Verify the signature on every incoming event. Maesn signs each webhook with an HMAC-SHA256 signature in the X-MAESN-SIGNATURE header; recompute the HMAC over the raw request body with your webhook secret and compare. Processing only verified events is the foundation of webhook security across a unified API.

How does Maesn handle ERP webhook authentication across different systems?

Identically for every system. Whether an event comes from a system with native webhooks or from a Maesn synthetic webhook, it arrives with the same X-MAESN-SIGNATURE header and is verified the same way — so you write your ERP webhook authentication logic once.

How do I perform accounting webhook signature verification?

Read the signature from the X-MAESN-SIGNATURE header, compute the HMAC-SHA256 of the raw request body using your webhook secret, and compare the two values. A match confirms the event is authentic and was not altered in transit.

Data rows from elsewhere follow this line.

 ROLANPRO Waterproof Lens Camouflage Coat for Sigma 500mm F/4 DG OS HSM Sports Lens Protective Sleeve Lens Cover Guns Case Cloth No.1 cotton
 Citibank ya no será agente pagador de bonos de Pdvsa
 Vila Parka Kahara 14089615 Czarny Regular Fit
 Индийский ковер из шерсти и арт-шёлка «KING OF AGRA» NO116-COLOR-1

Where do I get the webhook secret?

The secret is returned when you create the webhook. Store it securely — it is the shared key used to generate and verify every signature, so anyone with it could forge events.

Why must I use the raw request body?

The signature is computed over the exact bytes Maesn sends. Parsing the body to JSON and re-serializing it can change those bytes (ordering, whitespace, number formatting), so a signature recomputed from parsed JSON may not match a valid event. Capture and verify the raw body before parsing.

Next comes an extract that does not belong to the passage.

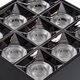 kelvo® LUMINAR KLV-101-0341 Φωτιστικό Downlight Σποτ LED 30W 4200lm 36° AC 220-240V IP20 Φυσικό Λευκό 4500K - Osram SMD Chip & TÜV SÜD Driver - Μαύρο Ματ - Μ12 x Π12 x Υ6.6cm - 5 Χρόνια Εγγύηση - 4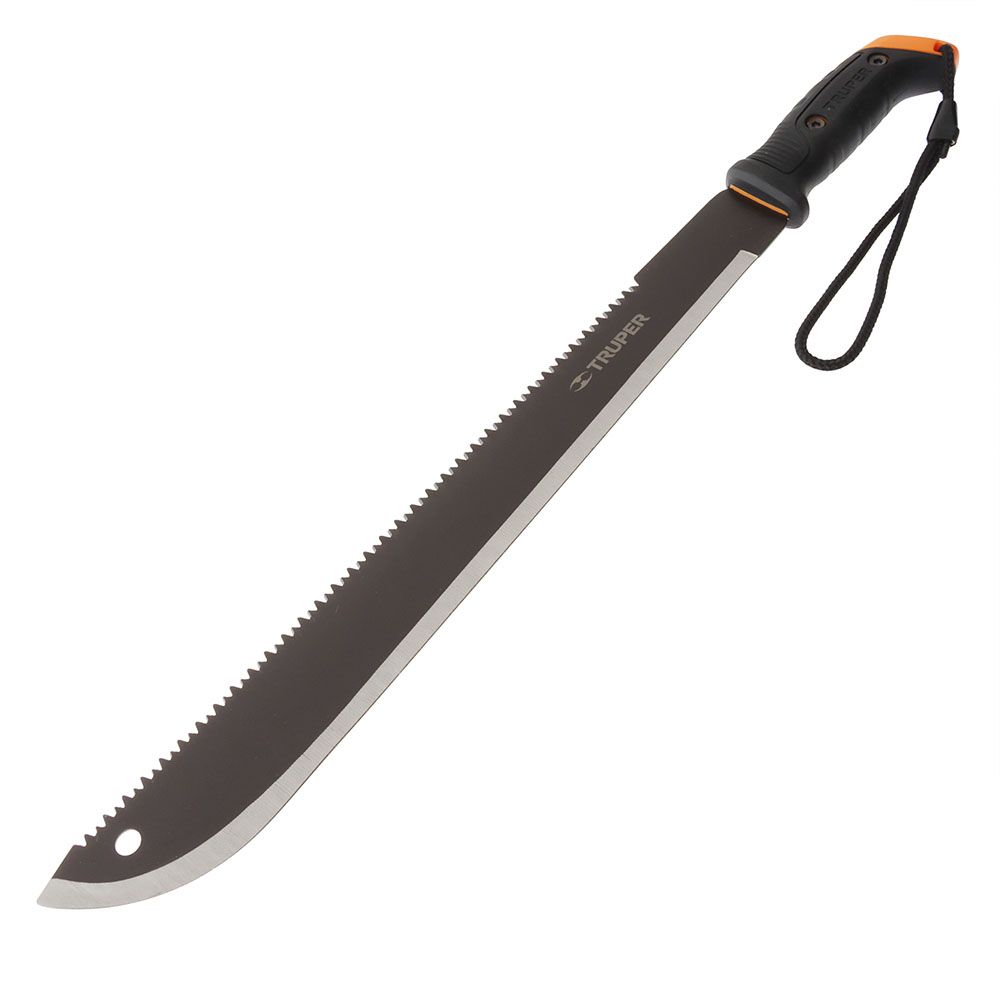 Truper Double Edge Blade and Saw Machete 45cm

Are events from systems without native webhooks signed too?

Yes. For systems without native webhook support, Maesn emits synthetic webhooks delivered in the same unified format and carrying the same X-MAESN-SIGNATURE header, so your verification logic is identical across every system.

Does signature verification replace transport security?

No, they complement each other. All communication with Maesn uses HTTPS, which protects data in transit; the signature additionally proves the origin and integrity of each individual event at your endpoint.